Even love — an undeniable factor to happiness and touted as a precious commodity that is as available to the poor as it is to the rich — is not entirely immune from the influence of money. In a study concluded in 1992, “money disputes were [found to be] the best harbinger of divorce,” contributing to a 30-40 percent increase in divorce rates of the 2,800 couples analyzed. Money, while perhaps still unable to purchase real and honest love, can at least help to keep it intact.

But Lorde’s song does not focus on such modest aspirations. Both the song title and her pseudonym make it clear that the type of wealth she suggests is that of the richest of the rich. Such financial security allows those in the top economic strata a freedom to pursue happiness that those with fewer dollars could never afford. And, despite the claim that money is the devil, these pursuits are not necessarily materialistic or self-centered, either. Travel, cultural exploration, education, career development and talent enrichment — all barely attainable by the lower and middle classes — can all be funded by a stuffed bank account. Still, such objectives may be seen as selfish. But surely acquiring immense wealth is more selfless for the charitable person than choosing a life of strict asceticism; many more dollars may be donated to altruistic causes when one’s salary is six or seven digits than when one is eking out a meager existence that can barely provide for themselves, let alone others. Of course, most of us attending Princeton are not planning on living the life of a Puritan fundamentalist, but the premise remains the same: No matter what gives us happiness and no matter what we value, more money very often means a higher attainment of those ends.
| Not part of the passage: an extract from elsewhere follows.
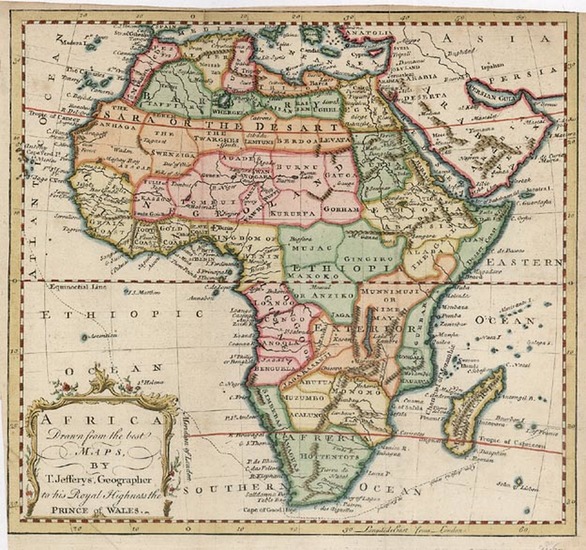 20-Africa and Africa Map By Thomas Jefferys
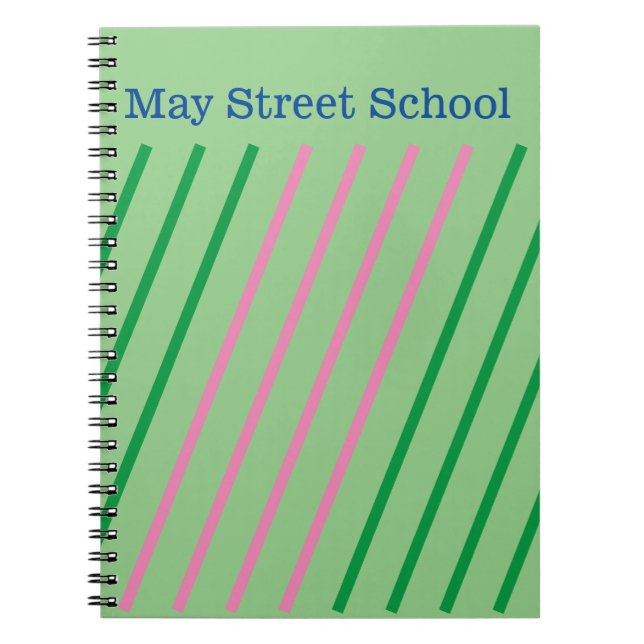 Pink Green Striped School Noteback - Custom Name Notebook (Front)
I am not affirming that, without an inexhaustible amount of money, humanity is damned to a life of wretched misery. Indeed, happiness can be achieved across all three economic classes, and for that we should be grateful. Yet I do believe that money makes happiness much more accessible and attainable, especially in our modern, global economy. And while I wish to dispel the strange and somewhat hypocritical taboo surrounding financial ambition, I recognize the delicate line it walks beside greed. What separates the two, however, is gratitude: gratitude for what one currently has while still looking forward and striving for improvement. With that said, I will continue to dream of crystal, Maybachs and tigers on a gold leash unashamedly, fully aware that each dollar I receive buys me one dollar more of happiness, yet always contented with just the fantasy.